This is the plan Anaheim wants the NFL to see, and believe in--the blueprint to replace the Rams while appeasing the Angels, who want a new stadium, and the Ducks, who want more money, and Gene Autry, who likes rodeos.

In other words, this is Utopia, which has never been found on any map of Orange County to this point.

Lacking a cool billion, it may be impossible to ever get there from here, but at least it’s an idea, and it’s on paper, and it looks like a way to lure people to Anaheim on a midsummer’s night, even with the Angels playing at home that evening.

Now, can it be done?

Greg Smith, stadium general manager for the city of Anaheim, said he envisions a construction plan implemented in phases--for example, the football “district” first, which would take three to four years, followed by the baseball “district,” and so forth, depending on the funding available.

The entire project, Smith said, could be finished in 15 years. And the cost of the entire project?

“Obviously,” he said, “it would be in the hundreds of millions of dollars.”

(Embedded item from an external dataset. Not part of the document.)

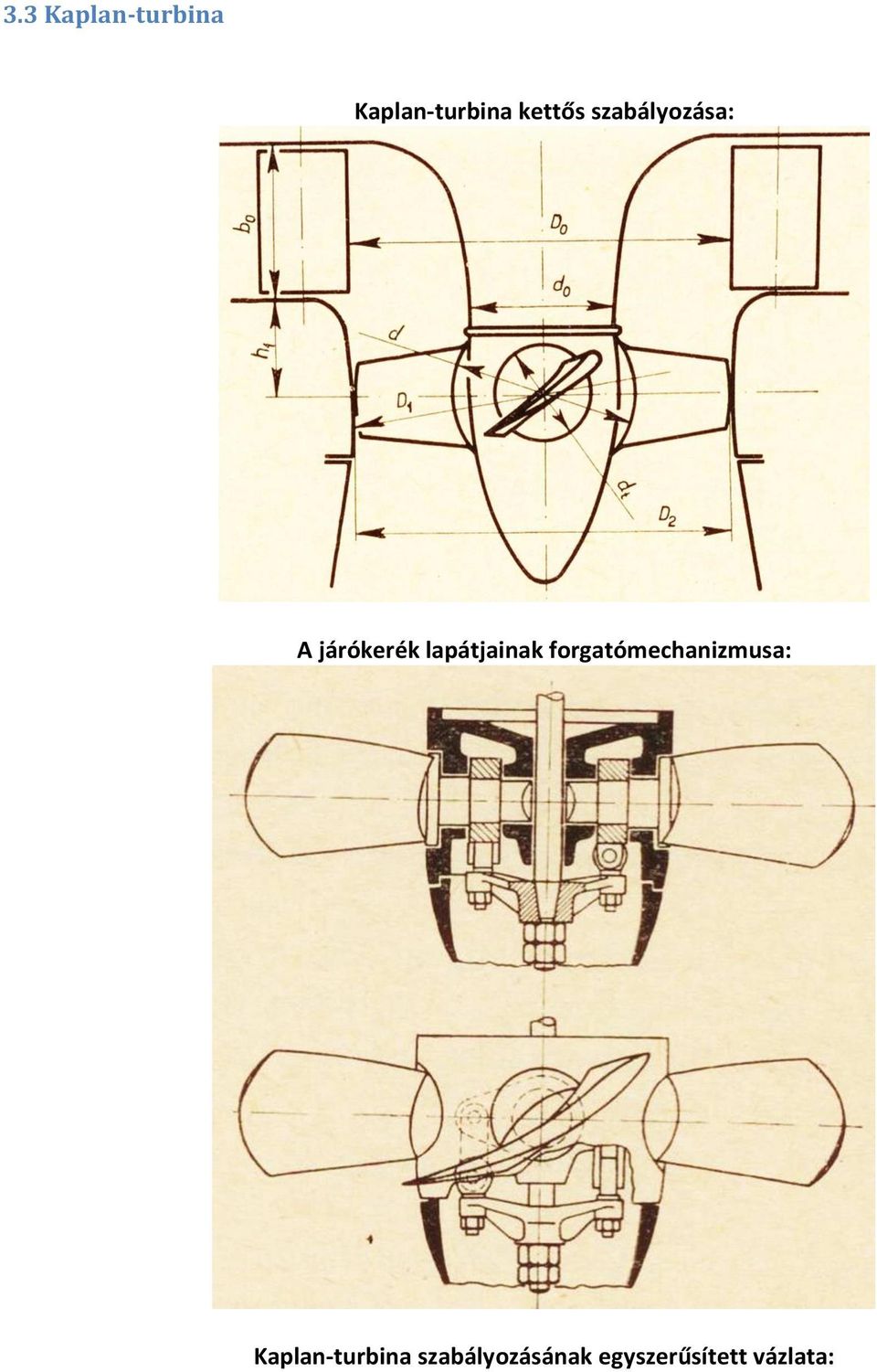 lapátjainak forgatómechanizmusa:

Not so obvious is where those hundreds of millions of dollars will come from.

“The corporate community,” Smith proposed. “Retail developers. We see a major retail developer becoming partners with the city, which is contributing the land. The land is valued at $800,000 per acre and there are 150 acres in all, so if you’re a developer who doesn’t have to pay for this land, you can see that this plan is very financially feasible.”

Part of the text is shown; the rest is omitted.